Blood of Brothers Brief Summary


Blood of Brothers is a history of Nicaragua’s revolutions and the US’s involvement and interests into Nicaragua. It also goes into how the revolutions have shaped Nicaragua’s culture.

In the 1850’s there was a citizen of the USA, William Walker, who tried to form a militia to take over Mexico, because he thought that the Mexicans did know how to govern a country since they were not Caucasian. When Walker was making no progress against Mexico’s army, he heard about Nicaragua and got another militia together and traveled down to Nicaragua. Walker’s army successfully took out Nicaragua’s forces and Walker became the first and only American president of Nicaragua in 1856. He was overthrown in 1857 and he tried to takeover the rest of Central America. Walker was killed by a firing squad in 1860 in Honduras.

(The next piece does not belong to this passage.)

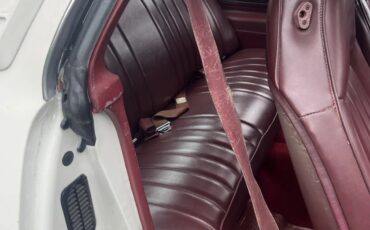 Chevrolet-Laguna-1975-Red-White-17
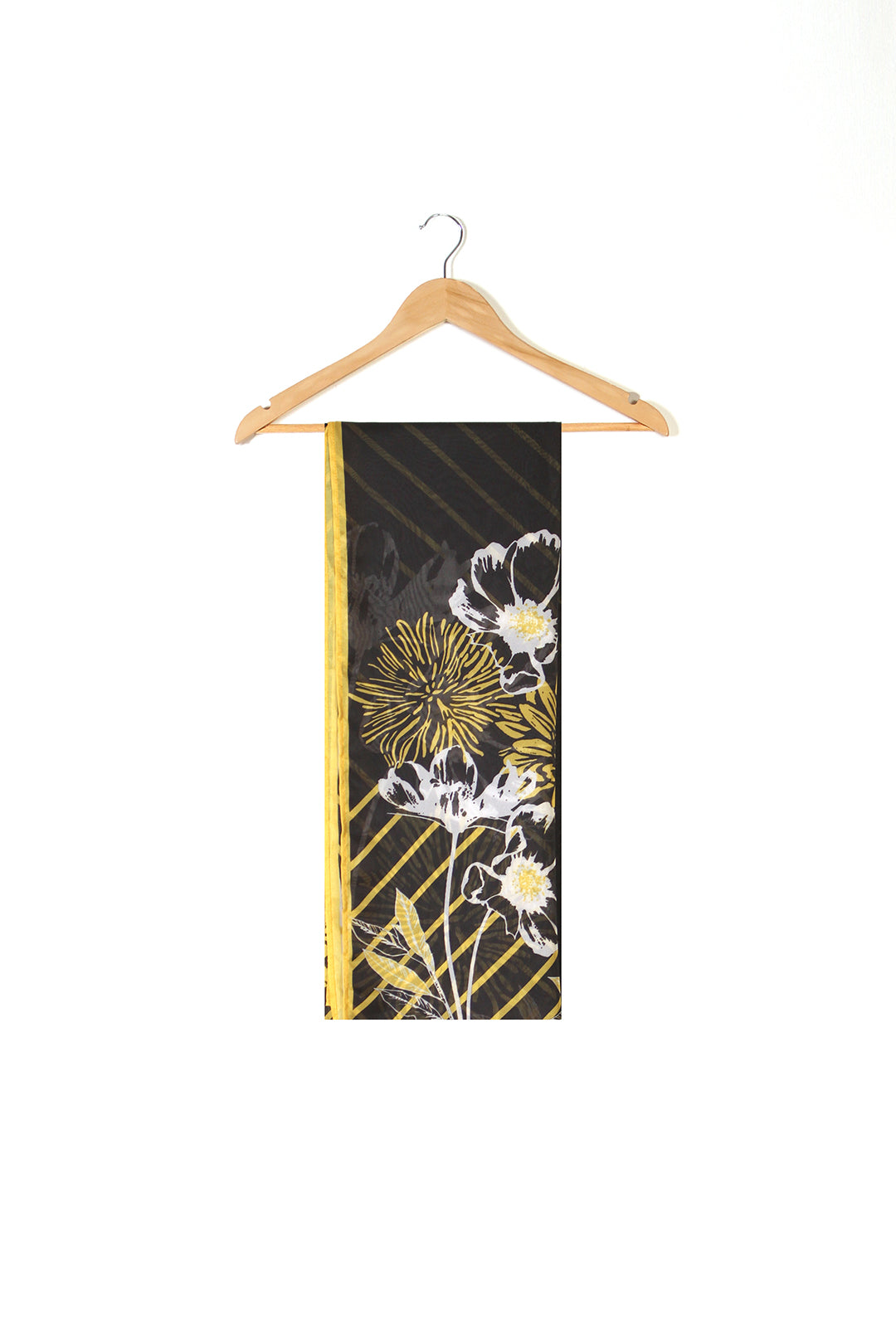 https://cdn.shopify.com/s/files/1/0611/8585/1568/files/W.SS24.462.T-2.jpg?v=1736334972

When the Sandistas (the current political party) defeated the Somazas (the previous politcal dynasty), working class and poverty-stricken Nicaraguans believed that they were privileged to a historic vacation. They had been working under the previous government with no vacation, so they should be able to now take all the vacation days they did not have. The Sandistas had little experience in leading a country and a lot of the assumptions they made were wrong. They  gave back a lot of government owned farms, but the people were now not willing to work, the previous government exhausted them and they wanted time off. The government let the people relax. Daniel Ortega was the 31st president of Nicaragua from 1980-1985 and he became the 35th president in 2007. Since then, Ortega has gotten rid of president elections and instead put in a system to show that people still want him in power.

Each president of the United States had a different view of Nicaragua’s government. The Somozas sometimes liked the US and sometimes did not. The US government knew that they did not want the Sandinistas to take over, but they also did not want to give support to the Somozas. Because of the link between the US and Somozas, the Sandinistas sought out support from Communist countries: the USSR, North Korea, and Cuba. Because the Somozas supported Israel, the Sandinistas supported Palestine. Some of the Sandinista rebels went to Palestine or Cuba to be trained for combat.

The book had interesting parts and some dense parts. But I agree with the team that it is a important book to read to understand the history and culture of Nicaragua.